Bounce Rate
By definition, this means the number of single-page visits by visitors of your website. Bounce rate in terms of website traffic lets you know about the visitors who arrive on your website and leave without initiating any other action or event, like visiting a second page. He came, he saw and he went somewhere else. The visitor enters the website on the entrance page or the landing page. These visitors view only that single page and exit the site on that same page. For example, around 100 visitors read a particular news story yesterday, out of which 75 went to other pages while 25 did not. The bounce rate, thus, was 25%. Bounce rates are often used for measuring the performance of e-mails, websites, advertising campaigns, and particular landing pages. Bounce rate is measured in percentage. Bounce Rate Event tracking – Below are top visitor actions that can be identified as a bounce from your site and typically signal that the visitor’s expectations were not met. - Clicks the back button – The visitor landed on your website and clicked on ‘Back’ and was redirected to the previous page. Hence navigated away from your website. - Closes the browser – The visitor saw your page/website - either found or couldn’t for the information they were looking for and closed the browser. - Types a new URL – The visitor typed in a different URL from your website and was redirected to a different page. - Does nothing – The visitor chooses to stay on the site and does no further activity. Average session times out after 30min. - External link – The visitor clicks on a link to a page on an external website link. 2) Email Bounce Rate Bounce rate in terms of emails describes the percentage of email addresses in your subscriber list that didn’t receive your message. There are two types of email bounce - - Soft email bounce means that the intended email address is valid and has reached the recipient’s mail server. But it was temporarily rejected by the mail server due to reasons like - mailbox was full, a server was down etc. - Hard email bounce means that the intended email address in not valid or does not exist. And the message has been permanently rejected by the mail server.
Reference Price
Reference price is also known as competitive pricing, because here the product is sold just below the price of a competitor’s product. Reference price is the cost at which a manufacturer or a store owner sells a particular product, giving a hefty discount compared to its previously advertised price.
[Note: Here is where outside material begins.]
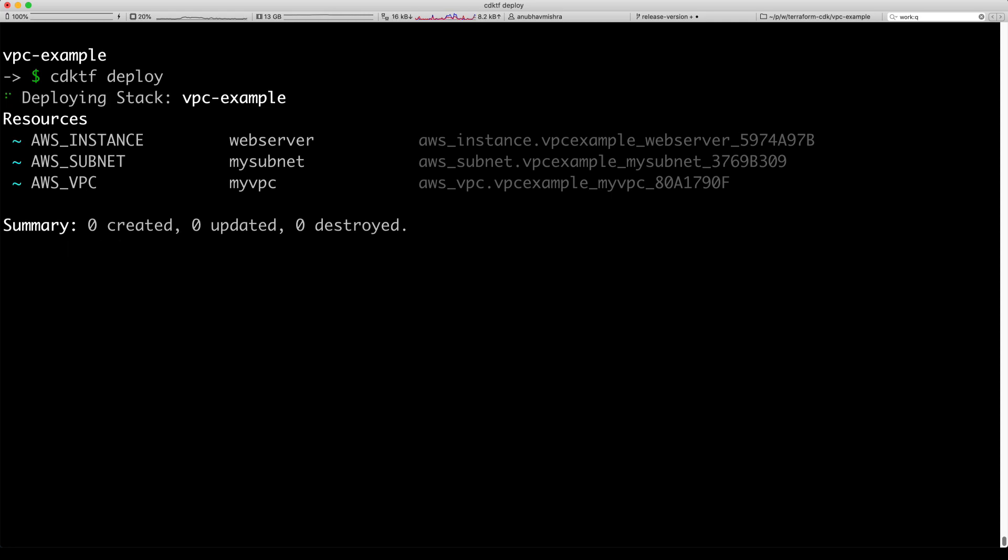On approval, we start deploying the VPC example stack, which will create an AWS instance, an AWS subnet, and an AWS VPC.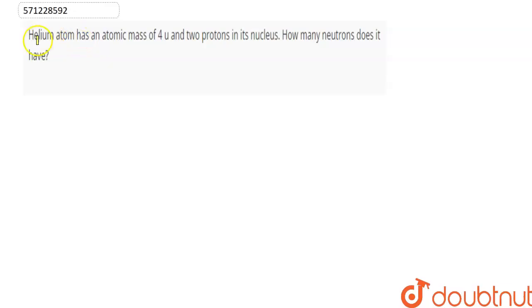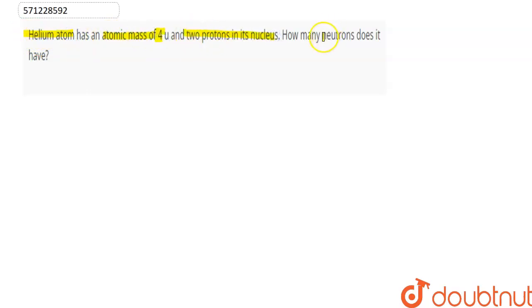Hello everyone. Here the question is: Helium atom has an atomic mass of 4 and 2 protons in its nucleus. How many neutrons does it have?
Reference pricing, in simple terms, is known as that price which users compare with the price of a competitor’s product or the previously advertised price. Here the price of the product, which is more expensive, becomes the reference price for your product.Marketers generally induce buying behaviour in customers by putting goods and services at a huge discount compared to its original price. Human beings tend to compare the price of the product with the reference price, and if the new price is heavily discounted compared to the original price, it could trigger buying.Reference pricing is also part of psychological pricing, because it is the price of the product which buyers use as a reference while making a decision to buy the product. Usually reference price is also mentioned on the product so that consumers can compare the difference in rupee value terms.Let's understand reference price with the help of some examples. Big Bazaar, India's leading supermarket store, conducts a sale around Independence Day every year. Here the price is discounted heavily which leads to an increased sales volume. They also extend discounts to electronics like camera and mobile phones. The idea is to generate sales in that particular time frame. The consumers usually see the difference between discounted price and the original price or the reference price. Online shopping portals such as Flipkart and Amazon also run their big billion days or festive sales on particular days, where products are sold at a hefty discount.